[Exercise instructions] Could you print, exactly and without pictures, only the lines from the one with "Potato Head Extra" through the end of the records below?

[Records from a collection]
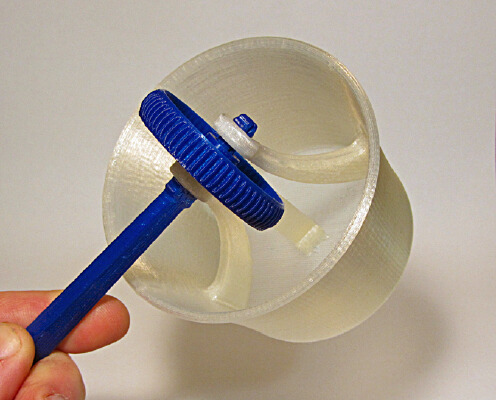 Rotary Snare Drum | 3d print model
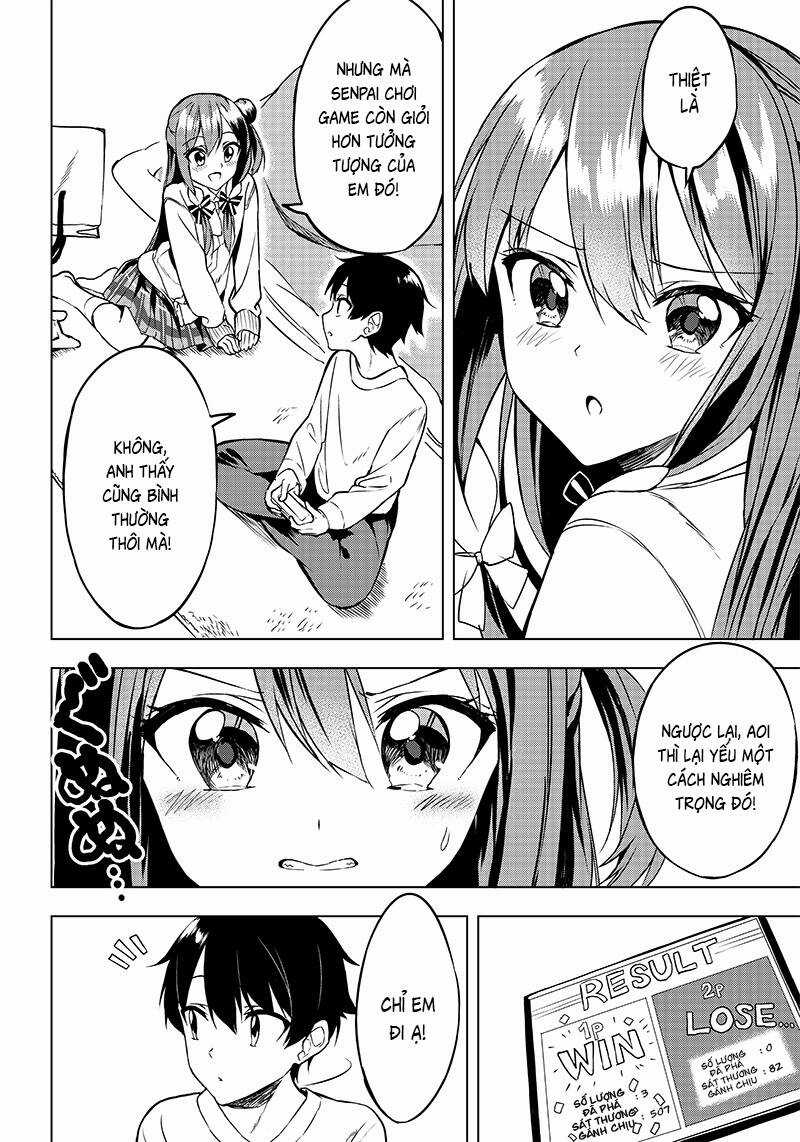 Anh Sẽ Nghe Lời Em Chứ? Senpai Chapter 7 trang 10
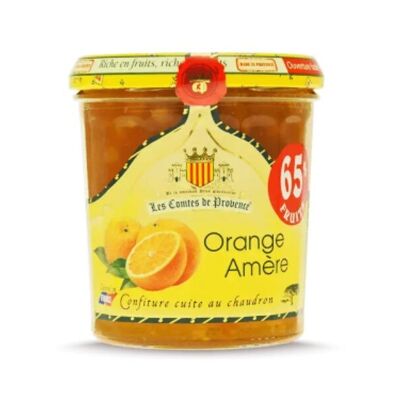 Mermelada de Naranja Amarga 65% fruta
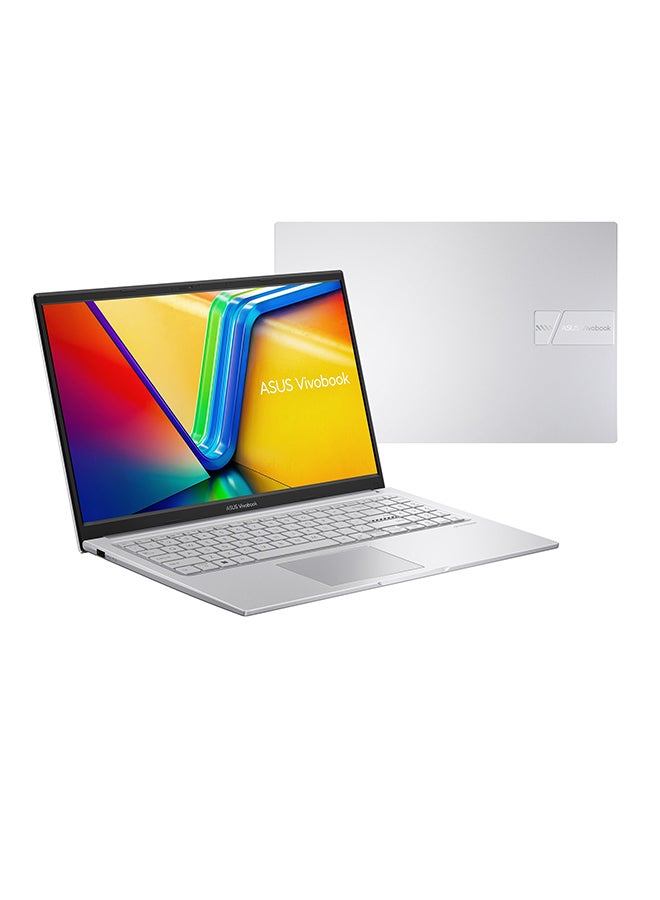 ASUS VivoBook (Upgraded Version) Laptop With 15.6-Inch Display, Core i3-1215U Processor/8GB RAM/256GB SSD/Winodws 11/Intel UHD Graphics English/Arabic Cool Silver - Image 2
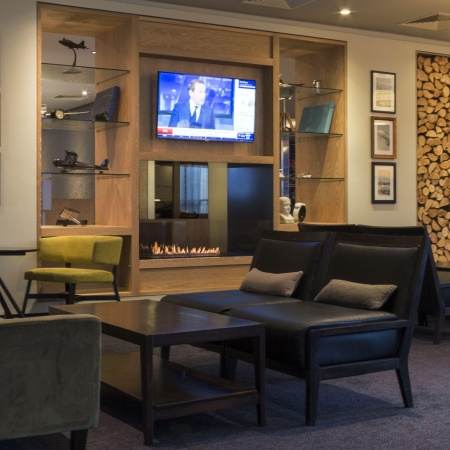 Биокамин  Fire Line Automatic 3 L=1190 black по цене 710 000 руб.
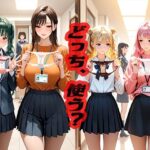 どっち、使う？  〜どっちでもいいよ。両方でも〜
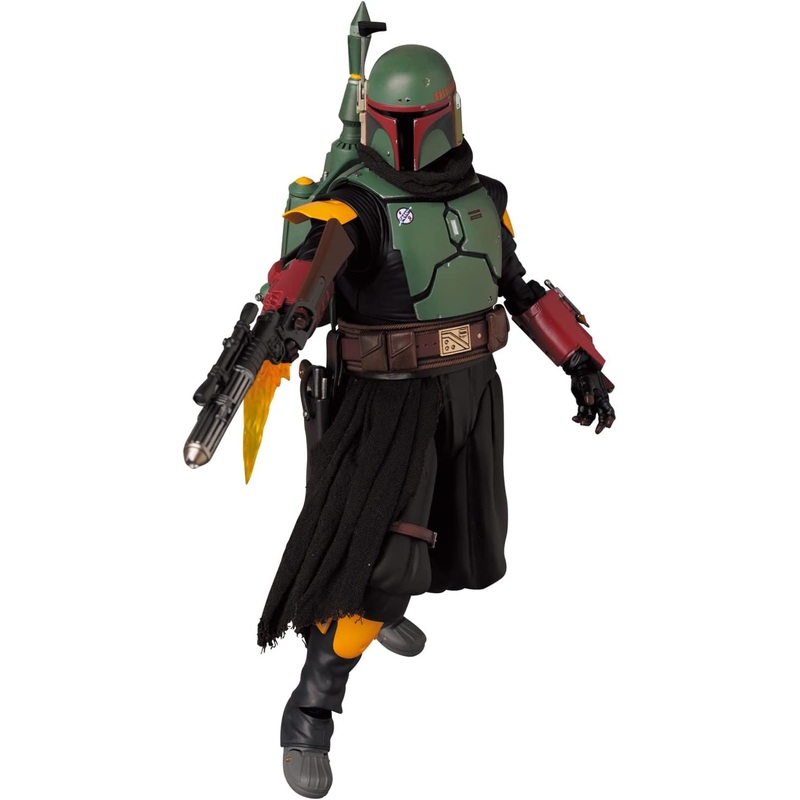 The Mandalorian – Boba Fett – Mafex  No.201 – Recovered Armor (Medicom Toy)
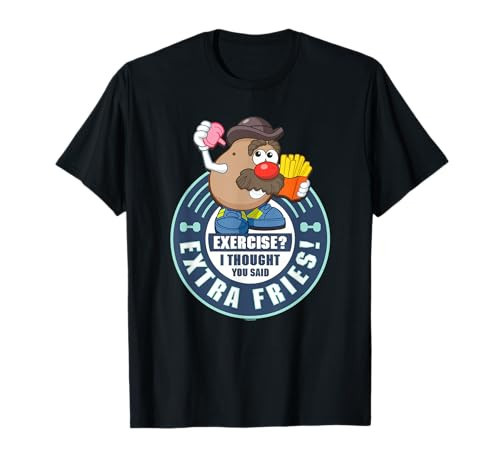 Potato Head Extra Fries! T-Shirt | Amazon (US)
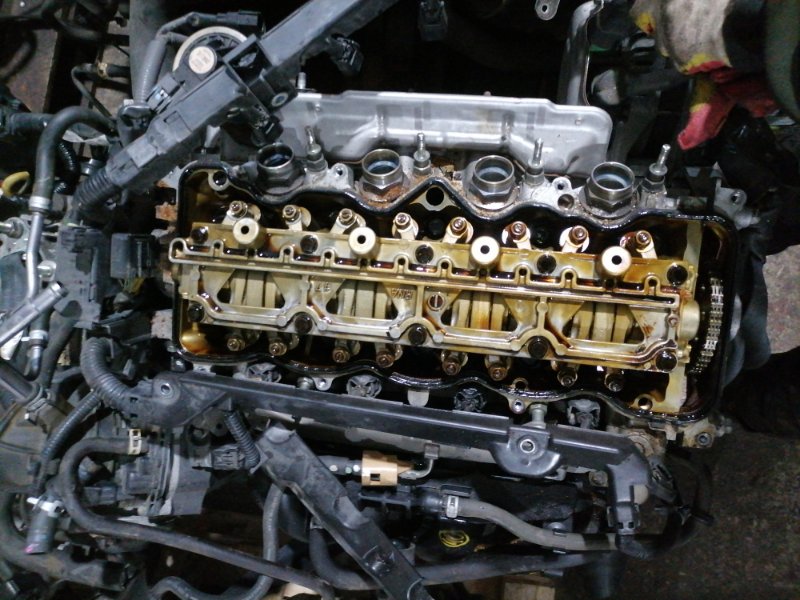 Двигатель Honda Stepwgn RK6 R20A 2011 1-ая модель. цена указана без навесного оборудования, с
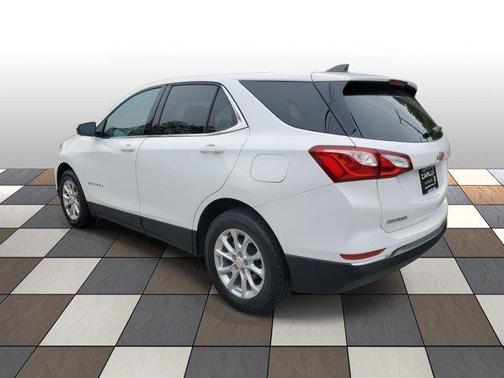 Summit White 2020 Chevrolet Equinox AWD 4dr LT w/2FL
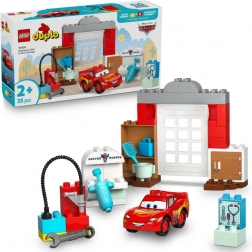 Lego Duplo Disney și Pixar Cars – vizita lui Fulger McQueen la atelierul lui Mater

[Answer box]
 Potato Head Extra Fries! T-Shirt | Amazon (US)
 Двигатель Honda Stepwgn RK6 R20A 2011 1-ая модель. цена указана без навесного оборудования, с
 Summit White 2020 Chevrolet Equinox AWD 4dr LT w/2FL
 Lego Duplo Disney și Pixar Cars – vizita lui Fulger McQueen la atelierul lui Mater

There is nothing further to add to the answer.